[EXERCISE INPUTS]

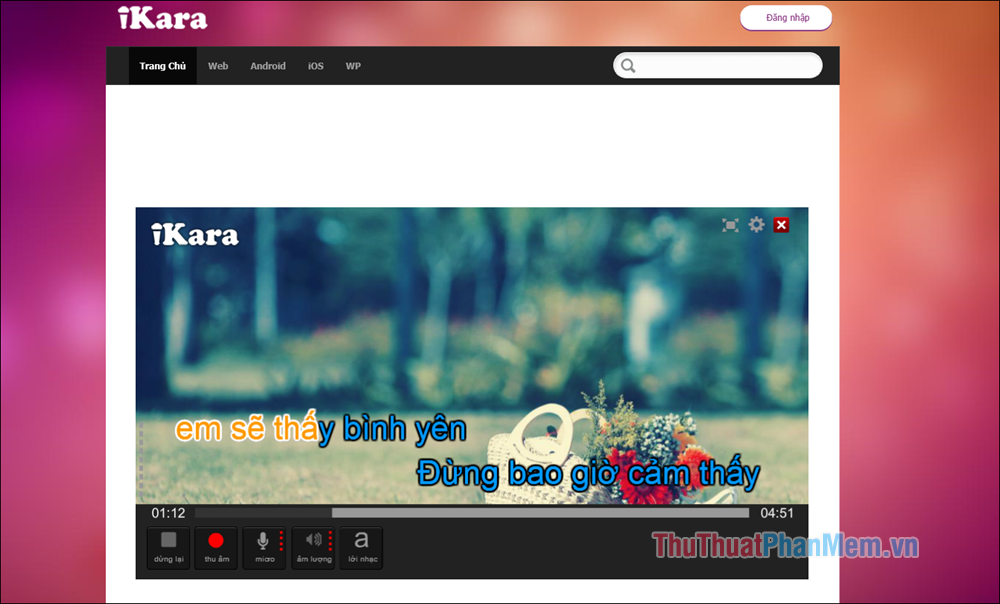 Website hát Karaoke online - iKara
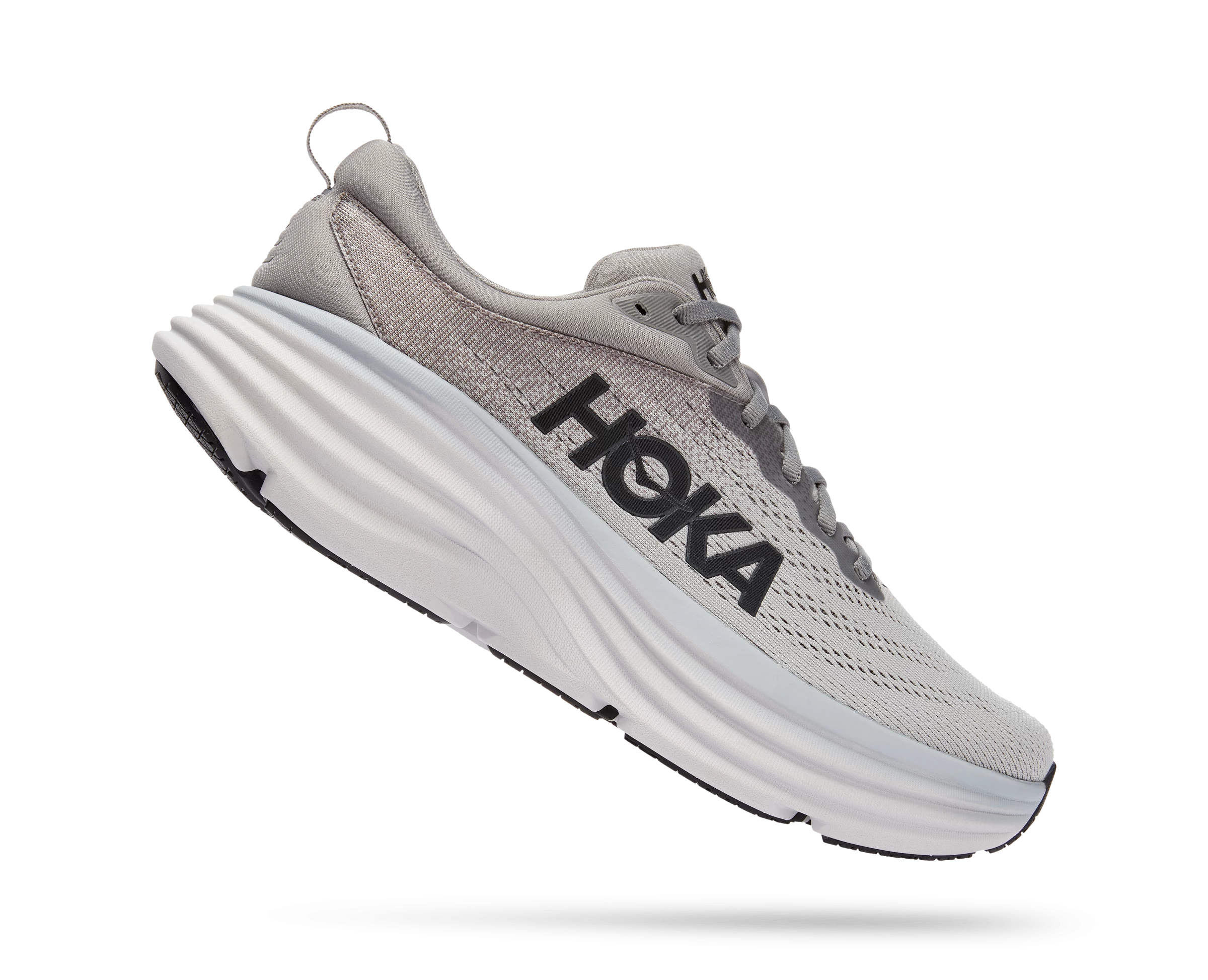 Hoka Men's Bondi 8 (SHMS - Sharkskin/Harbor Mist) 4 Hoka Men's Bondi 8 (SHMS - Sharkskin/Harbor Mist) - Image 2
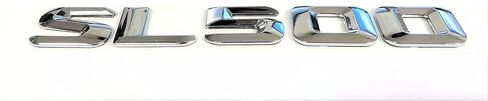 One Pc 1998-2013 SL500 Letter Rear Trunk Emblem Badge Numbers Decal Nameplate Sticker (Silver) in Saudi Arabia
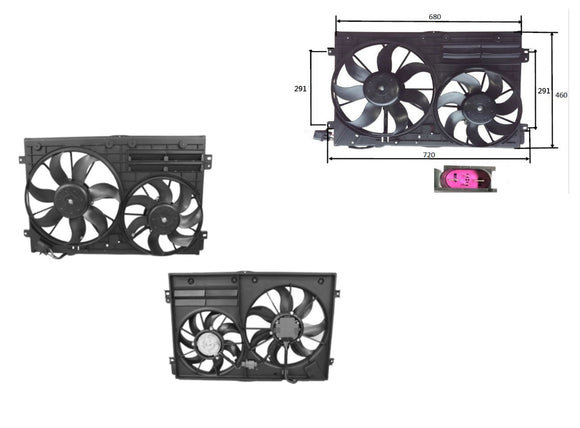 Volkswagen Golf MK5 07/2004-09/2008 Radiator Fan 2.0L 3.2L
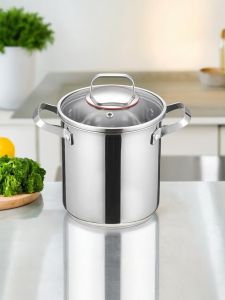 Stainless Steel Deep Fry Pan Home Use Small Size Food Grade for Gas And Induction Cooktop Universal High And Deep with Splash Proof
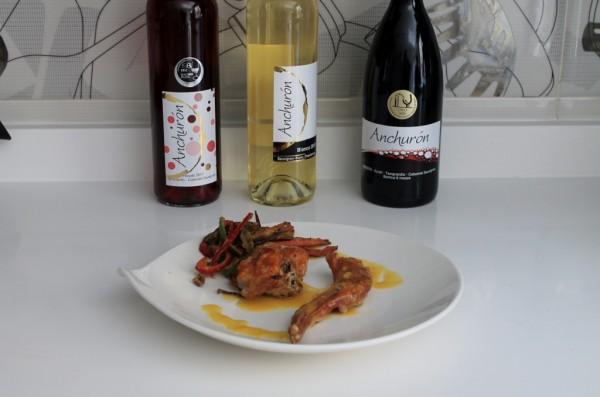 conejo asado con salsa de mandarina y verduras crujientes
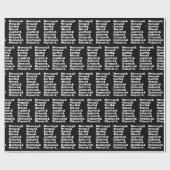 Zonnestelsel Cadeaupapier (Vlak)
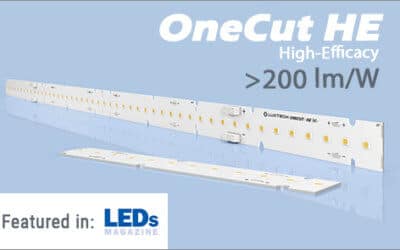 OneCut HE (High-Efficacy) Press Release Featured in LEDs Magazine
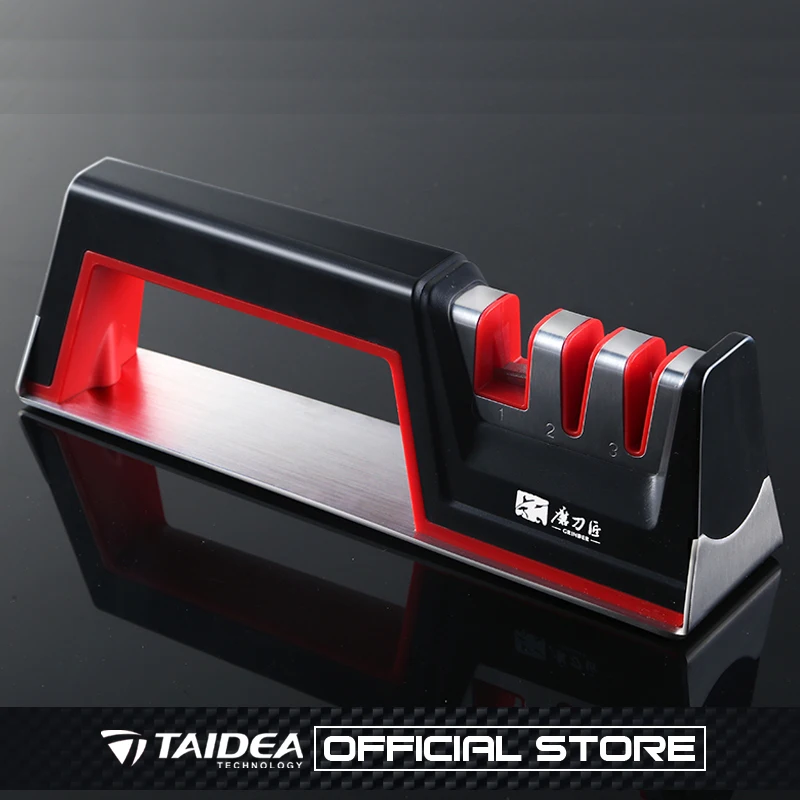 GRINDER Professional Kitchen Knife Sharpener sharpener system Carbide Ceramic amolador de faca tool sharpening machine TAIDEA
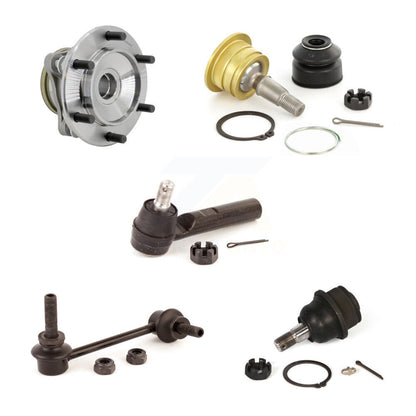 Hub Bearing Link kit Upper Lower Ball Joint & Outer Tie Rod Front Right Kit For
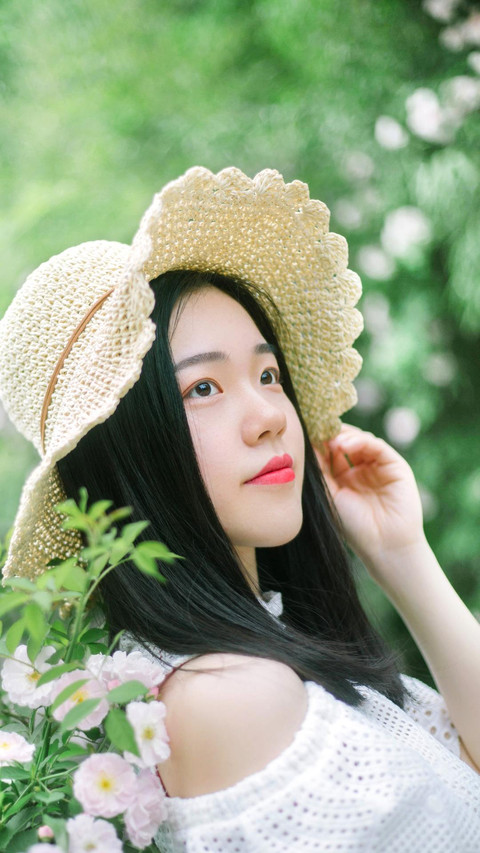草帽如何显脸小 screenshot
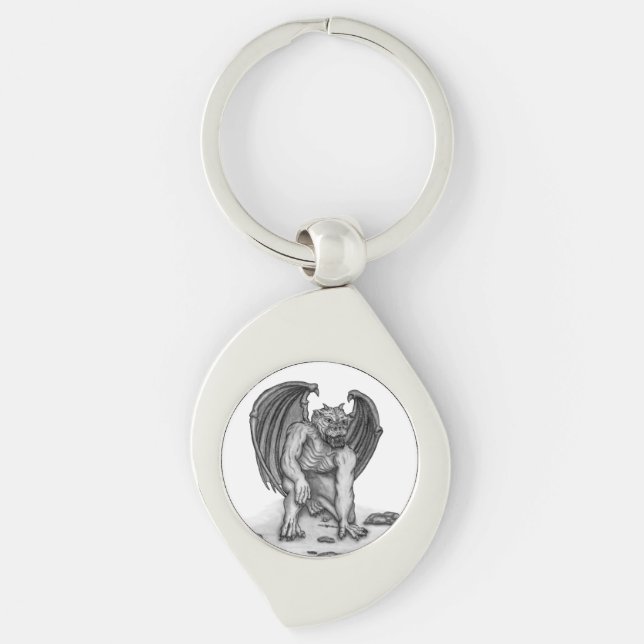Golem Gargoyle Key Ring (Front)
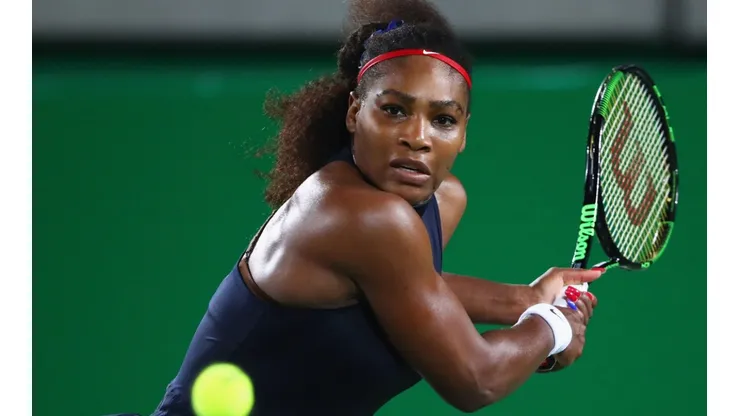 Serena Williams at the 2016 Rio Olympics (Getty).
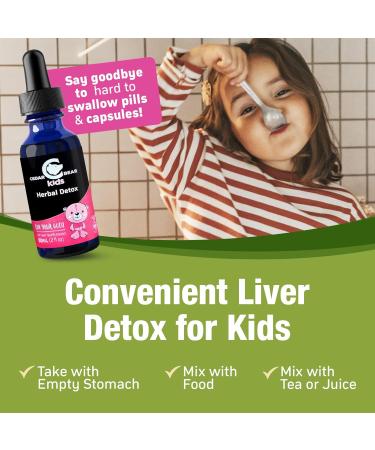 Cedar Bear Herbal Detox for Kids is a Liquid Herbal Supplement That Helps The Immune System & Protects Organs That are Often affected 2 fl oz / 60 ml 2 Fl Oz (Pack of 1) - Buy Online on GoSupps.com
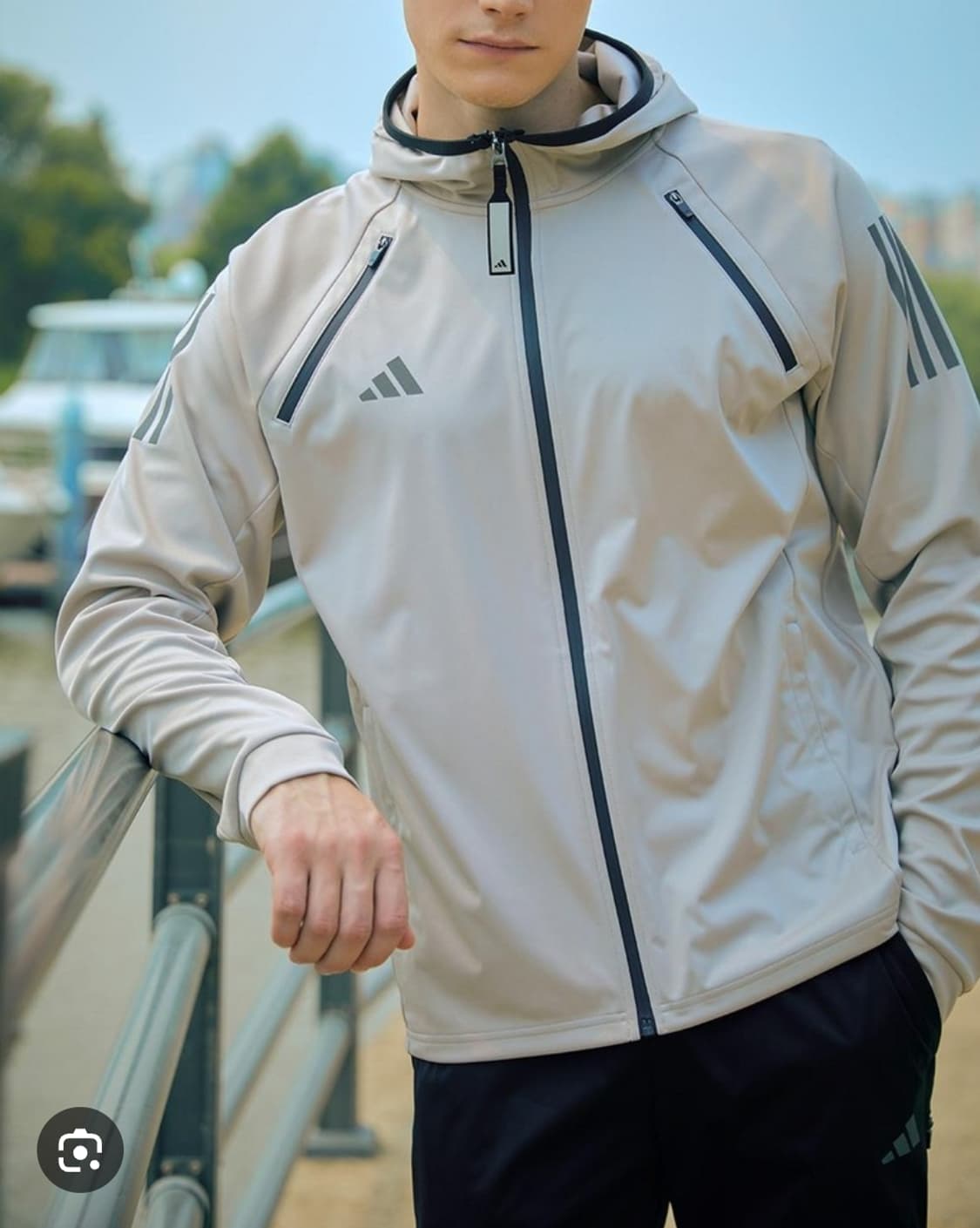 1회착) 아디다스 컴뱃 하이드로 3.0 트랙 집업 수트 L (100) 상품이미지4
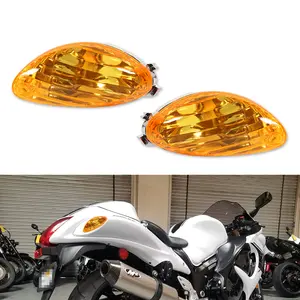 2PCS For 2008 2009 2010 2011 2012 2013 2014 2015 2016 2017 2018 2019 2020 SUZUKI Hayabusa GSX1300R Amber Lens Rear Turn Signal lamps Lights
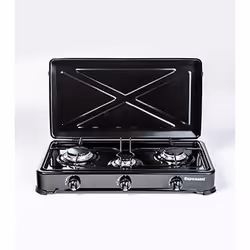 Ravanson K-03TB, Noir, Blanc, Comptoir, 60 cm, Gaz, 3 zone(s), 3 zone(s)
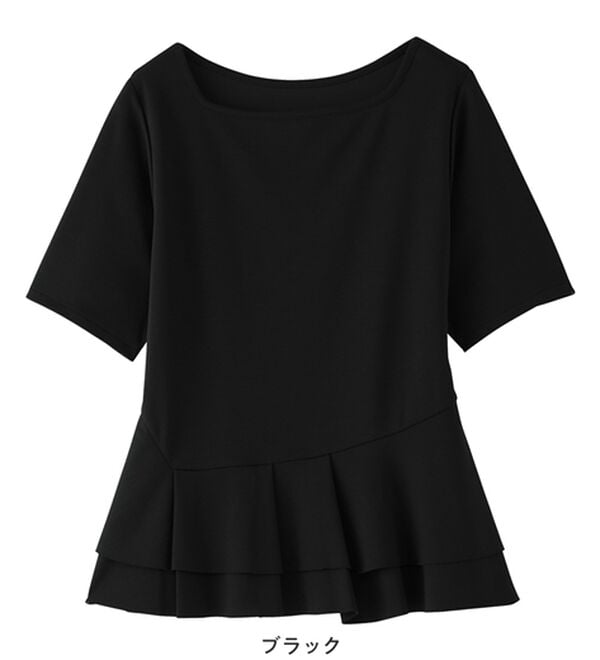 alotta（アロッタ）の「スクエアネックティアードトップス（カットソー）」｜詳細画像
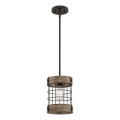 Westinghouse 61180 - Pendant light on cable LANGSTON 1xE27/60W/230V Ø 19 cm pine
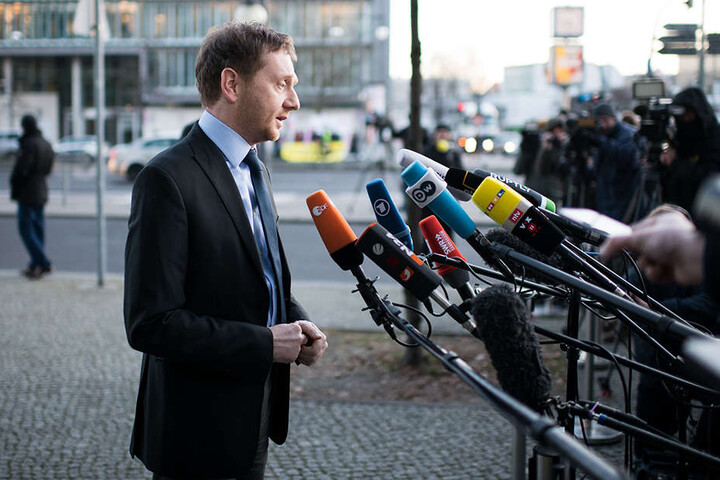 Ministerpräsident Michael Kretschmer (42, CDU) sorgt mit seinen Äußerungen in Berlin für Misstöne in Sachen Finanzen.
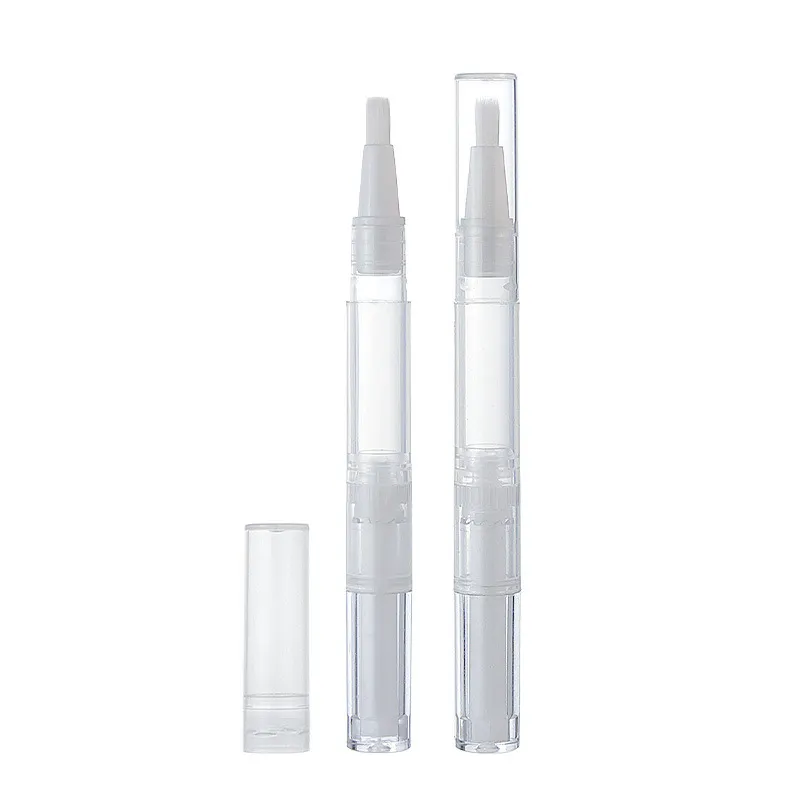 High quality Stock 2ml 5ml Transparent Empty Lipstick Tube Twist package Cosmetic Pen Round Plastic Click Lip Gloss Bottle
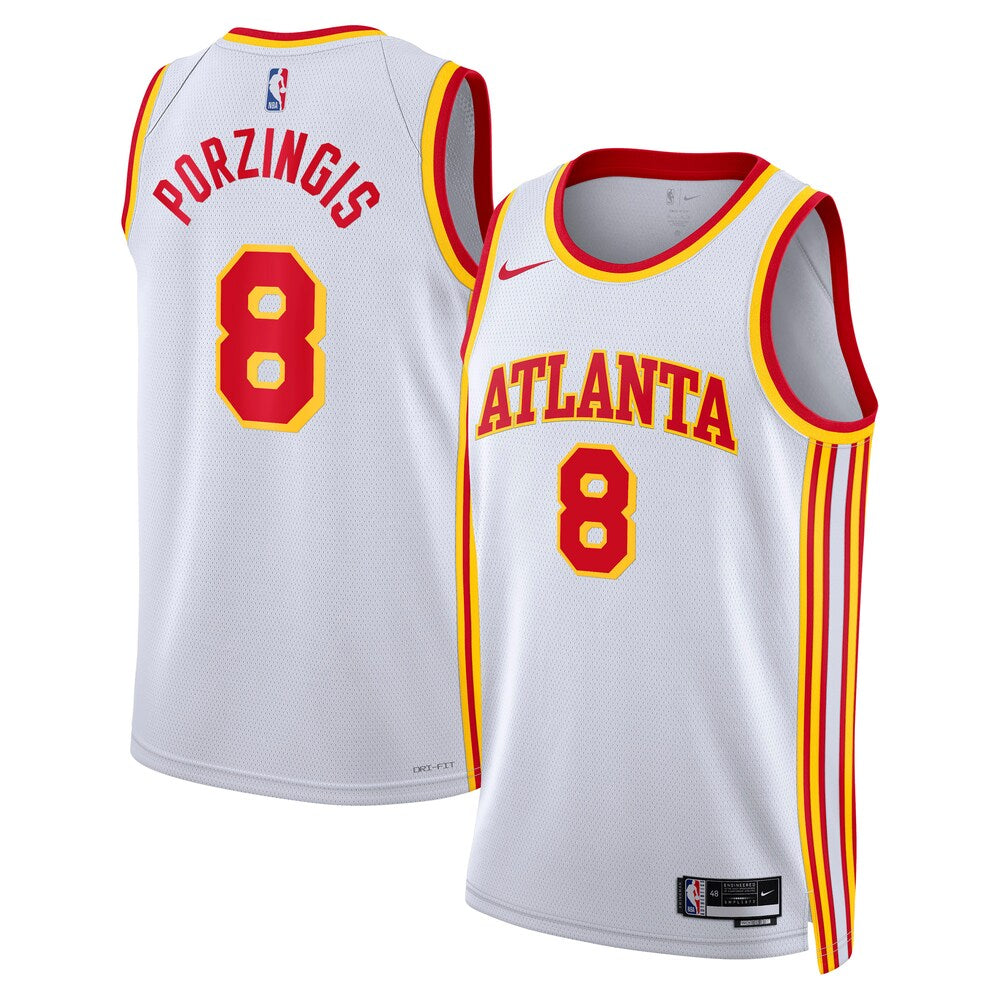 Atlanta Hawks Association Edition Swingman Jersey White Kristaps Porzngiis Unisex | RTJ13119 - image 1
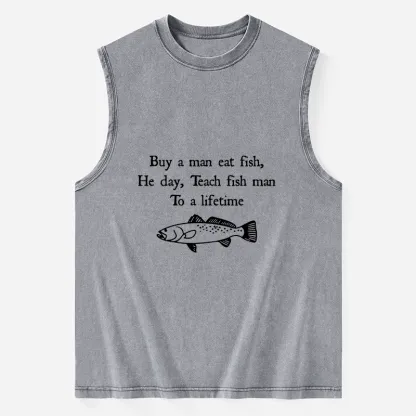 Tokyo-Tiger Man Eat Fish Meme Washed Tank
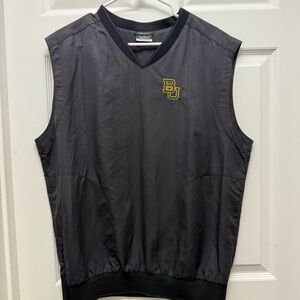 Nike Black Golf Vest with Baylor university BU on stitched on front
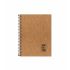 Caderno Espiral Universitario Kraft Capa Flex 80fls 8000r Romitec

[/EXERCISE INPUTS]

Copy out every entry above verbatim. Leave each picture out.

 Website hát Karaoke online - iKara
 Hoka Men's Bondi 8 (SHMS - Sharkskin/Harbor Mist) 4 Hoka Men's Bondi 8 (SHMS - Sharkskin/Harbor Mist) - Image 2
 One Pc 1998-2013 SL500 Letter Rear Trunk Emblem Badge Numbers Decal Nameplate Sticker (Silver) in Saudi Arabia
 Volkswagen Golf MK5 07/2004-09/2008 Radiator Fan 2.0L 3.2L
 Stainless Steel Deep Fry Pan Home Use Small Size Food Grade for Gas And Induction Cooktop Universal High And Deep with Splash Proof
 conejo asado con salsa de mandarina y verduras crujientes
 Zonnestelsel Cadeaupapier (Vlak)
 OneCut HE (High-Efficacy) Press Release Featured in LEDs Magazine
 GRINDER Professional Kitchen Knife Sharpener sharpener system Carbide Ceramic amolador de faca tool sharpening machine TAIDEA
 Hub Bearing Link kit Upper Lower Ball Joint & Outer Tie Rod Front Right Kit For
草帽如何显脸小 screenshot
Golem Gargoyle Key Ring (Front)
 Serena Williams at the 2016 Rio Olympics (Getty).
 Cedar Bear Herbal Detox for Kids is a Liquid Herbal Supplement That Helps The Immune System & Protects Organs That are Often affected 2 fl oz / 60 ml 2 Fl Oz (Pack of 1) - Buy Online on GoSupps.com
 1회착) 아디다스 컴뱃 하이드로 3.0 트랙 집업 수트 L (100) 상품이미지4
 2PCS For 2008 2009 2010 2011 2012 2013 2014 2015 2016 2017 2018 2019 2020 SUZUKI Hayabusa GSX1300R Amber Lens Rear Turn Signal lamps Lights
 Ravanson K-03TB, Noir, Blanc, Comptoir, 60 cm, Gaz, 3 zone(s), 3 zone(s)
 alotta（アロッタ）の「スクエアネックティアードトップス（カットソー）」｜詳細画像
 Westinghouse 61180 - Pendant light on cable LANGSTON 1xE27/60W/230V Ø 19 cm pine
 Ministerpräsident Michael Kretschmer (42, CDU) sorgt mit seinen Äußerungen in Berlin für Misstöne in Sachen Finanzen.
 High quality Stock 2ml 5ml Transparent Empty Lipstick Tube Twist package Cosmetic Pen Round Plastic Click Lip Gloss Bottle
 Atlanta Hawks Association Edition Swingman Jersey White Kristaps Porzngiis Unisex | RTJ13119 - image 1
 Tokyo-Tiger Man Eat Fish Meme Washed Tank
 Nike Black Golf Vest with Baylor university BU on stitched on front
 Caderno Espiral Universitario Kraft Capa Flex 80fls 8000r Romitec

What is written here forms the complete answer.